Augmenter l’apport financier des automobilistes pour le développement du transport collectif. Fait peu connu, la « contribution des automobilistes au transport en commun » a été gelée à l’échelle de la province il y a plus de 30 ans, en 1992, à 30 $ par année. Elle n’a jamais été indexée depuis, ce qui équivaut à une baisse annuelle depuis ce temps. Une exception : Montréal, qui l’a toutefois indexée en 2011, et la taxe a été étendue à la Rive-Nord et la Rive-Sud de la métropole en janvier dernier. Québec et Sherbrooke ont annoncé cette semaine qu’elles voulaient aussi indexer la taxe sur l’immatriculation dans leur ville afin de financer le transport en commun.
Taxer les kilomètres plutôt que l’essence. La croissance du nombre de voitures électriques fait baisser les revenus de la taxe sur l’essence. D’où l’idée de taxer désormais les kilomètres parcourus par les voitures dans certaines zones métropolitaines. La technologie existe et la mesure est appliquée avec succès ailleurs.
Ne pas négliger les politiques parallèles qui favorisent le transport.
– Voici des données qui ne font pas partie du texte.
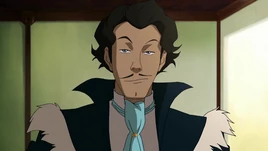 Varrick looking smug
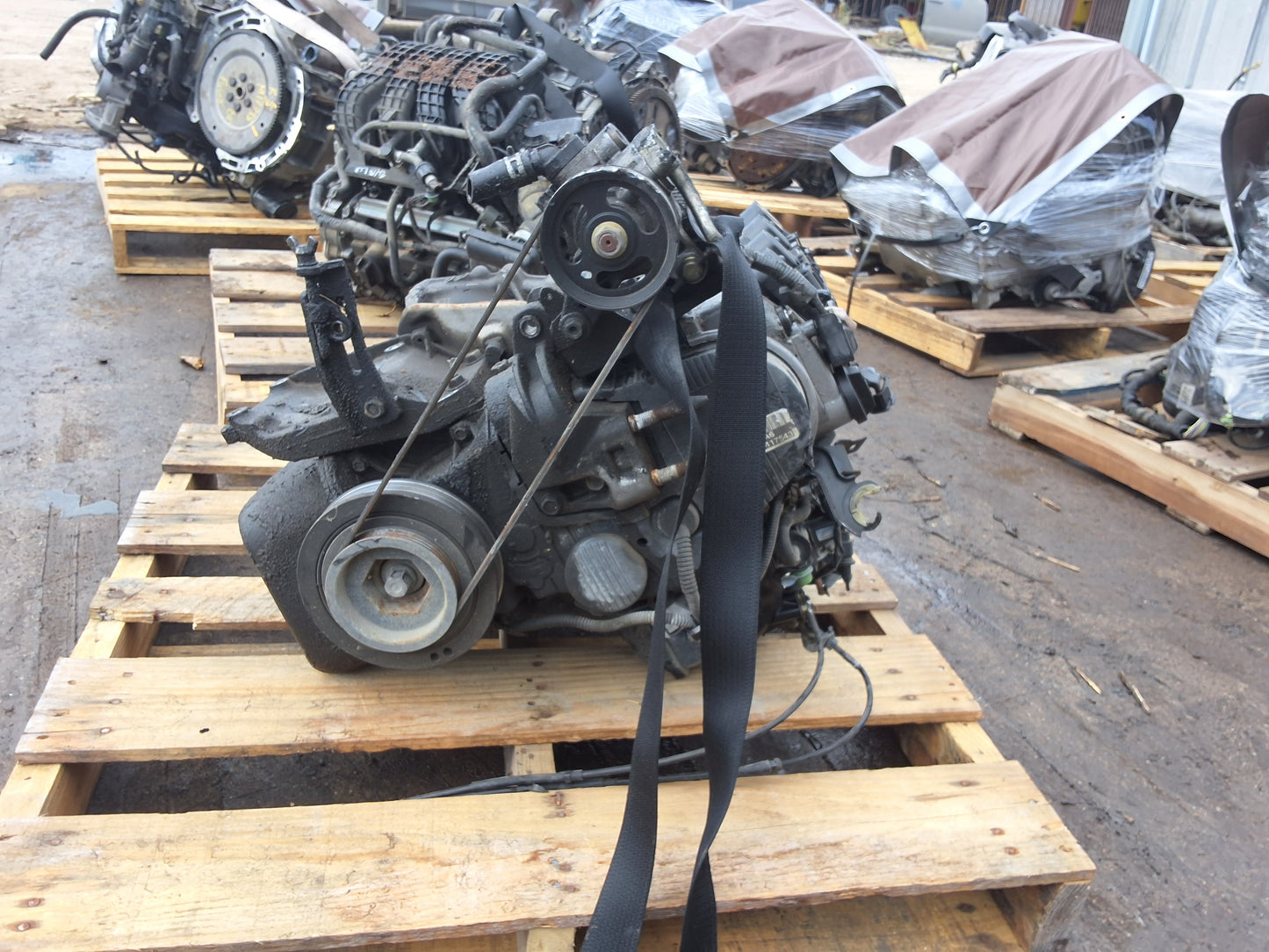 2008-2013 FORD FOCUS 2.0 L ENGINE - #M17795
Par exemple, aider financièrement les jeunes familles à acheter une maison en ville, pour éviter qu’elles s’exilent en banlieue, n’est pas en soi une mesure de transport, mais elle rend plus accessible une mobilité moins polluante.
Cela dit, toutes les mesures mises en place pour décourager l’utilisation de l’auto en solo et pour inciter les citoyens à utiliser d’autres formes de mobilité doivent impérativement se faire en parallèle avec une bonification des services.
La solution de rechange, qu’elle soit le transport en commun, le vélo, la marche, les modes de transport en libre-service ou les taxis partagés, doit être accessible, simple, efficace, agréable et à bon prix.
Sans cette amélioration en parallèle, le transfert vers une mobilité plus moderne ne se fera tout simplement pas.